A former county administrator who also spent a decade as a city planner in Detroit, Mich., has been picked to be Hendersonville’s first city administrator.
Carmen Davis, who served for nearly 10 years as the county administrator in Hinds County, Miss., until a new Board of Supervisors voted her out earlier this year, was appointed to the newly created position by a 9 to 4 vote on Tuesday.
The appointment by the city’s Board of Mayor and Aldermen via Zoom followed a nearly two-hour discussion about the problems the city is having with Waste Pro, the company responsible for trash pick-up.
The discussion, full of finger-pointing and political posturing, highlighted the heated political climate Davis will enter just three months before a mayoral election in November.
The creation of a city administrator position itself has been controversial. The city’s Board of Mayor and Aldermen voted 7 to 6 last May to create the position, placing City Hall’s day-to-day operations in the hands of someone who answers to the full 13-member BOMA instead of a mayor who is elected at-large.
Interim City Administrator Dave LeMarbre, the city’s former parks director, and current Mayor Jamie Clary have clashed several times both publicly and privately over the last several months with the majority of BOMA backing LeMarbre.
Clary, who is serving his first term as mayor, faces former Hendersonville Chamber of Commerce President Brenda Payne in November. Payne has received either financial backing or endorsements from many of the aldermen who voted to create the city administrator position, as well as LeMarbre.
Board members briefly discussed Davis’s merits on Tuesday before her appointment.
Both she and David Strahl, an interim village manager from Schiller Park, Ill., were interviewed by BOMA via Zoom on July 20. Each also met with city leaders privately on July 16. They were chosen as the final two candidates by a steering committee earlier this year.
There was little mention of Strahl on Tuesday as Ward 4 Alderman Steve Brown moved to confirm Davis.

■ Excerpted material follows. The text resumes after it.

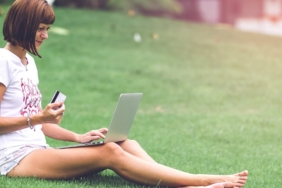 Açık havada dizüstü bilgisayardan internet alışverişi yapan kadın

Davis no stranger to political turmoil
“Some of us have made some phone calls, talked to some people, done our due diligence,” said Brown.
“I’m fairly comfortable that either candidate could do the job, but I’m a little more comfortable with one than I am the other simply because of a couple of answers and time [on the] job."
Brown’s motion to approve Davis was seconded by Ward 1 Alderman Peg Petrelli.
Andy Bolt, who also represents Ward 4, said he has talked to several people in Mississippi who have worked with Davis and are familiar with her work.
“I’ve done quite a bit of due diligence on this,” said Bolt. “I’ve called many different sources. Some that will vote against this have not done that.”
Bolt said that those who worked with Davis described her as “very, very professional” and someone who“can get along with anybody.”
Bolt also noted that Davis is no stranger to political turmoil.
“She’s lasted through multiple elections… in what some would call a nasty political environment,” said Bolt. “In fact in 2010 she was the third city administrator appointed in that particular year - and she lasted 10 years.
“Others said she just did a terrific, consistent job,” added Bolt who called for the question.
Without any more discussion about Davis’s merits, board members voted 9 to 4 to appoint her.
Clary, Ward 5 Alderman Darrell Woodcock, and Ward 6 Aldermen Eddie Roberson and Jim Waters voted against her appointment.
Board members spent more time discussing the committee who would negotiate Davis’s contract than they did on her appointment with Clary making a motion that he be on that committee.
In the end, board members named newly appointed Human Resources Director Chris Taylor chairman of a negotiating committee that includes Clary and LeMarbre. City Attorney John Bradley and MTAS Advisor Gary Jaeckel will advise the committee on negotiating points that will include the term of Davis’s contract, severance, her salary and leave benefits.
Davis’s contract will be approved by BOMA at the Aug. 11 meeting, and no later than Aug. 25, board members agreed.
Davis held the Hinds County, Miss., post from Sept. 2010 to Jan. 2020. She was a city planner in Detroit, Mich., from June 1993 to July 2001 and from Jan. 2007 to Aug. 2009 prior to that. She holds a master’s degree in business administration from Wayne State University in Detroit, as well as a Bachelor’s of Art degree in Urban Planning and Geography from the same university.
During her Zoom interview, Davis told aldermen the position would suit her more than 20 years of experience in municipal government.
“This is definitely fitting for my role as a public servant,” she said. “Because I want to serve the community as I’ve always done.”
BOMA has appropriated a salary range of $130,000 to $150,000 for the new position.